How suggestive this is of the nocturne! The undulating accompaniment, the scintillation of the treble, suggests the gliding, gently rocking motion of the vessel and the phosphorescence in its wake; while the second theme of the nocturne would, even without any suggestion from the passage in George Sand's diary, be taken for a barcarolle, a reverie sung at night, now rising, now dying away, but with the pulse of a musical poet throbbing through every note—the most beautiful melody, I think, Chopin ever wrote.
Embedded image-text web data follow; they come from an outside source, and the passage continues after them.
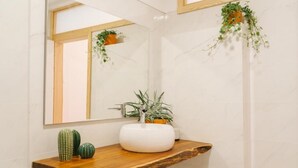 A bathroom with a white marble wall, a wooden vanity, a white sink, and two potted plants. - Porto serenity studio (União de Freguesias do Centro)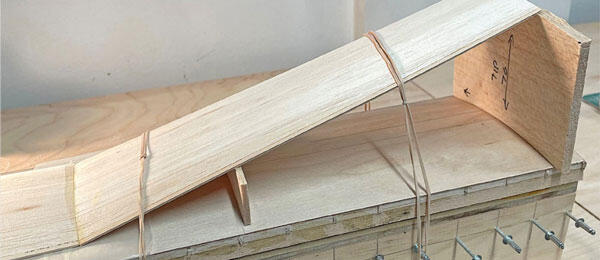 Wooden model bridge with rubber band supports on a table.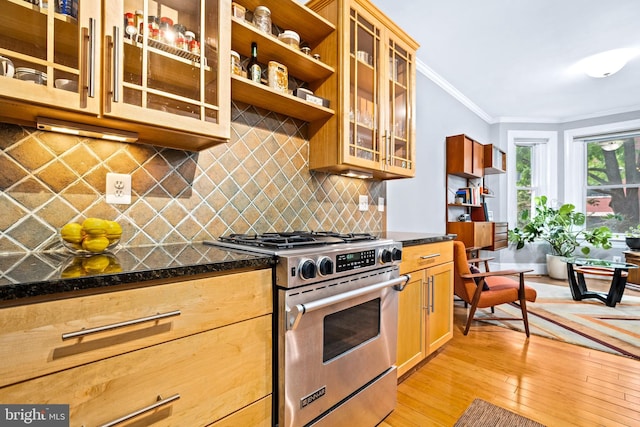 kitchen with dark stone countertops, backsplash, ornamental molding, light wood-type flooring, and stainless steel range with gas cooktop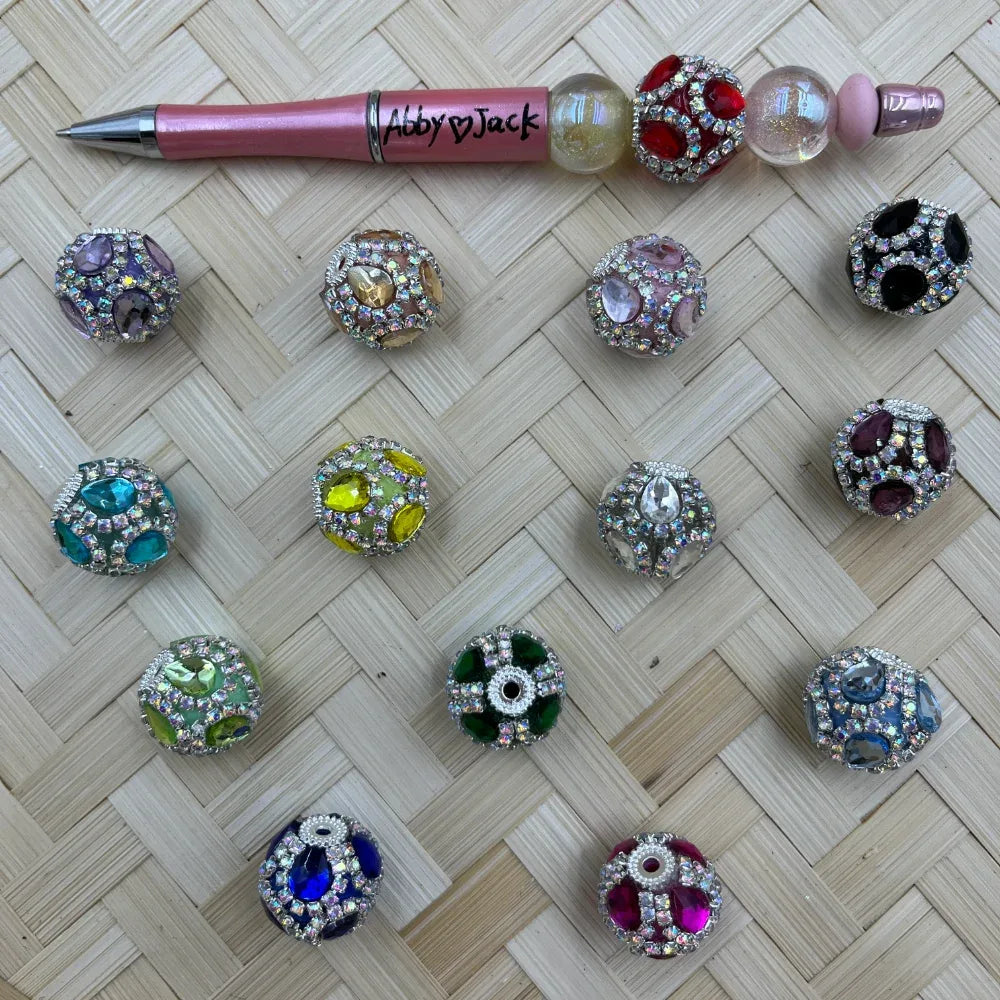 Assorted rhinestone crystal gem fancy beads in multiple colors including purple, teal, yellow, green, blue, pink, red, and black displayed on a woven surface next to a pink beadable pen labeled Abby and Jack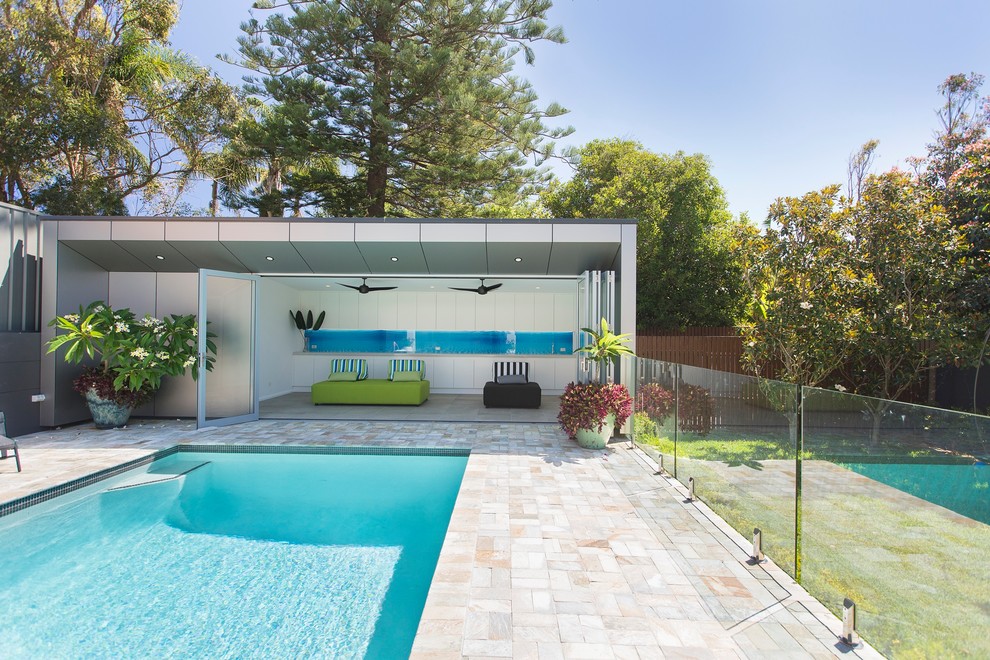 Design ideas for a mid-sized contemporary backyard rectangular lap pool in Newcastle - Maitland with a pool house and tile.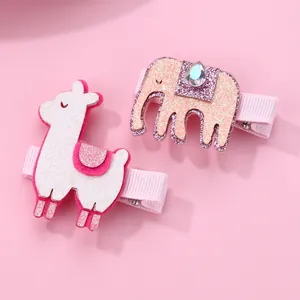 Detail of pink alpaca and elephant hair clips for children with glitter fabric finish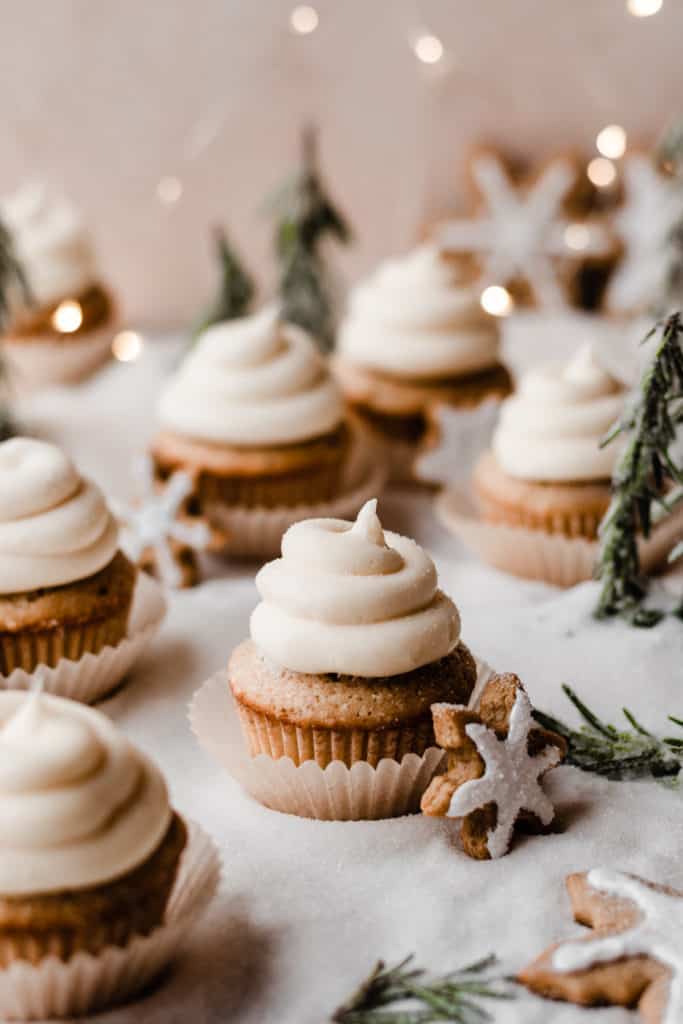 Cupcakes topped with swirls of cream cheese frosting on a bed of sugar "snow" with rosemary "trees and twinkle lights.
And speaking of this melody as an improvization, reminds me of those other improvizations by Chopin, the "Impromptus," in which he has displayed his genius as convincingly as in any of his other works. They are fresh and untrammeled in their development, and as full of sunlight as the nocturnes are of darkness. The one in A flat major was dedicated to the Countess de Loban as a wedding present, and was a farewell to her as a pupil. Brilliant, joyous and iridescent in its opening and closing sections, that in the middle voices vague and tender regret. The composition sometimes is spoken of as the "Trilby" impromptu. It is the one Du Maurier made Trilby sing under the hypnotic influence of Svengali.

Had Chopin's directions for the destruction of certain of his manuscripts after his death been carried out, the world would be the poorer by the loss of his "Fantaisie Impromptu," published as Op. 66. It is difficult to understand why he should have wanted this work destroyed, since it produces a sinuous, interwoven, flowing effect, interrupted by a middle melody of much sentiment and beauty. It has been very well described by Mr. Perry in a brief poem entitled "The Fantaisie Impromptu":

The sigh of June through the swaying trees,
The scent of the rose, new blown, on the breeze,
The sound of waves on a distant strand,
The shadows falling on sea and land;
All these are found
In this stream of sound,
This murmuring, mystical, minor strain.
And stars that glimmer in misty skies,
Like tears that shimmer in sorrowing eyes,
And the throb of a heart that beats in tune
With tender regrets of a happier June,
When life was new
And love was true,
And the soul was a stranger to sorrow and pain.

A reading of this poem conveys to the player the correct mood in which to interpret the impromptu.

By way of contrast I follow these careless raptures—careless only in their effect of spontaneity—with the famous "Marche Funèbre," the funeral march which forms the third movement of Chopin's sonata in B flat minor, Op. 35. This has been called the best funeral march ever written for the pianoforte. At Chopin's own funeral it was played scored for orchestra. In my opinion it is not only "the best funeral march ever written for the pianoforte," but the most intrinsically beautiful and sad funeral march ever composed. Its opening suggests the solemn tolling of great bells, the heavy march rhythm gives the effect of the slow procession of mourners; and the dirgelike music, soft and muffled at first, grows in power like the measured, inflexible rhythm of fate. Then it seems as if the mourners had arrived at the open grave, for the music voices a weeping melody, pure and tender and sweet; then the march rhythm makes itself heard again and the procession leaves the grave, the music dying away in the distance. This is the funeral march of a nation, of Chopin's own beloved Poland.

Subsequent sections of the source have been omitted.